Pakistan & Gulf Economist

Leadership & Business Wisdom

Diversification

Shoemaker, stick to your last!”

The old cliché is still sound advice. The less diverse a business, the more manageable it is. Simplicity makes for clarity. People can understand their own job and see its relationship to results and to the performance of the whole. Efforts will tend to be concentrated. Expectations can be defined, and results can easily be appraised and measured. The less complex a business is, the fewer things can go wrong. And the more complex a business is, the more difficult it is to figure out what went wrong and to take the right remedial action. Complexity created problems of communications. The more complex a business, the more layers of management, the more forms and procedures, the more meetings, and the moiré delays in making decisions.

There are only two ways in which diversity can be harmonized into unity.
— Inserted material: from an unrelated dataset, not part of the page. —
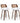 Artiss Wooden Bar Stools Set of 2 Swivel Kitchen Counter Stool Chair 60cm Seat Height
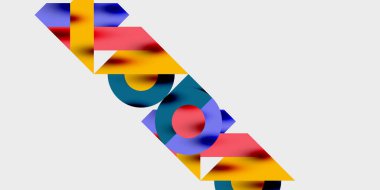 Hareketli soyut arka plan daireleri pürüzsüz gradyanlarla dinamik ve modern bir tasarım yaratıyor. Yaratıcı, teknolojik veya çağdaş temalı projeler için ideal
A business can be highly diversified and yet have fundamental unity if its business and technologies, its products and product lines, and its activities are embraced within the unity of a common market. And a business can be highly diversified and have fundamental unity if its businesses, its markets, its product and product lines, and its activities are held together in a common technology.

Being the Wrong Size

A business that is the wrong size is a business that does not have the niche to survive and prosper.

Being the wrong size is a chronic, debilitating, wasting – and a very common – disease. Being the wrong size is curable in the majority of cases. But the cure is neither easy nor pleasant. The symptoms are clear and are always the same. In a business that is the wrong size, there is always one area, activity, function, or effort – or at most a very few – that is out of all proportion and hypertrophied. This area has to be so big, requires so much effort, and imposes so much cost on the business as to make economic performance and results impossible. The old American Motors furnishes the example. American Motors announced successive plans to aggressively recruit new and strong dealers and push up its sales. In order to obtain the sales volume that would have given the business a viable size, the expenses that made the business non viable had to be increased. And this is precisely what the business nonviable had to be increased. And this is precisely what the business could not afford.

The most rewarding strategy to come to grips with the problem is to attempt to change the character of the business. A business that is the wrong size is a business that does not have the right niche to survive and prosper. A comparison between American Motors and Volkswagen shows the difference between being the wrong size as a result of lack of distinction, and being the right size by occupying a distinct niche.